中国因素是引发美国近期股市大跌的原因吗?
So far 2016 has been a terrible year for the stock market. In fact, it's the worst start ever for the S&P 500. Market participants are reducing their exposure to risky assets. Only the assets viewed as the most defensive—such as Treasuries and utility stocks—have managed to hold their ground amidst the selloff.
Yet we think the selling is driven by fear rather than a fundamental breakdown in the economy. Now, if China were to experience a “hard landing” as many pundits and news headlines suggest, then investors would likely be in for a lot of pain, but again, we think the China crash narrative is more perception than reality.
Consider China's latest trading numbers, reported Wednesday.
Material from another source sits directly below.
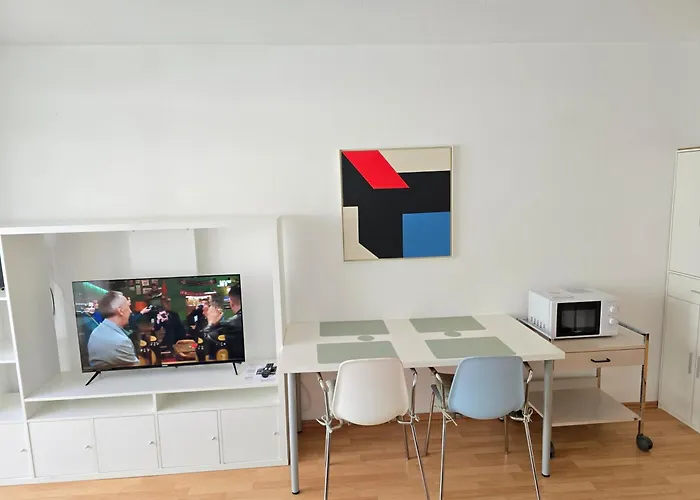 Appartamento Apartment's Nr 2, 2-b , 2-c Und 2-d , In Stadtmitte Stoccarda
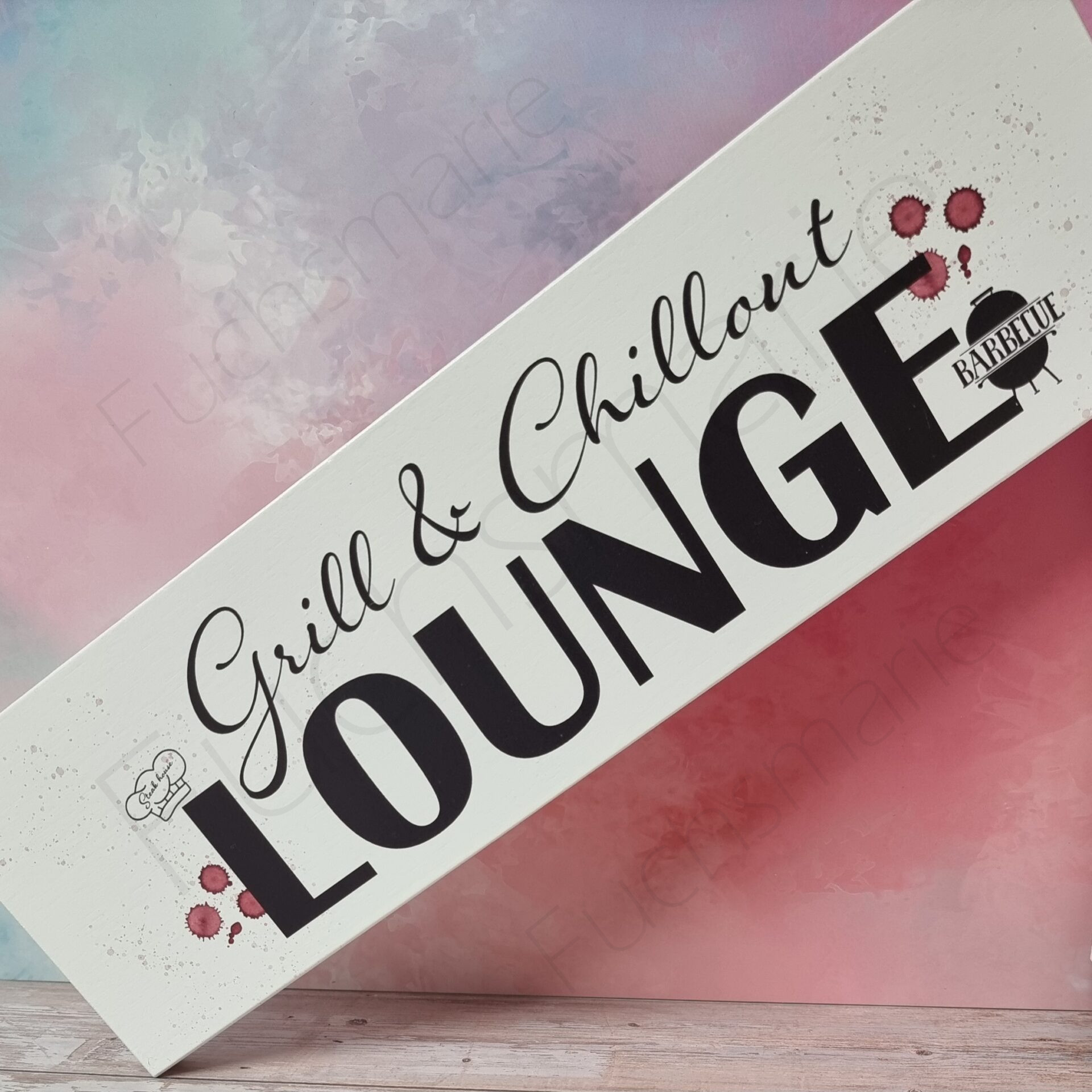 Grill und Chillout Lounge | 1 | 0034 | ♥ Unsere Holzschilder kreieren wir mit viel Liebe zum Detail in unserer Designwerkstatt und fertigen jedes einzelne Holzbild von Anfang bis Ende in unserer kleinen Pfälzer Manufaktur von Hand für Dich. Holzschild mit Text: Grill und Chillout Lounge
Analysts expected a major decline in total trade, but the actual numbers were much better than expected. Exports fell 1.4 percent (in dollar terms) in December compared to a year ago, but it was far less than the 8 percent drop forecasted. Imports dropped 7.6 percent, but it, too, was better than the 11.5 percent fall expected. Keep in mind that these figures reflect the value of the imports and exports that go through customs. Considering the price of goods, especially commodities, that China buys declined compared to a year ago, it's fair to say that in volume, China bought more than last year.
Contrary to the popular narrative that China is to blame for the oil rout, the Middle Kingdom’s imports of crude oil (in volume) actually rose 8.8 percent in 2016. The low oil prices have allowed the country to buy hand over fist and add to their stockpiles.
You wouldn’t know it judging by the financial market turmoil in China and the persistently negative press coverage in the West, but the numbers don’t suggest an economy falling apart. Remember, the Chinese stock market is an enormous casino that has little correlation to the economy. Neither an incredible rally, as the one that lasted until mid-2015, nor a stunning selloff reflects much about the Chinese economy.
While investors should rightfully be concerned about the very poor recent market action, the conditions for a market collapse, in our opinion, isn’t present at this time. We will certainly continue to monitor China very closely.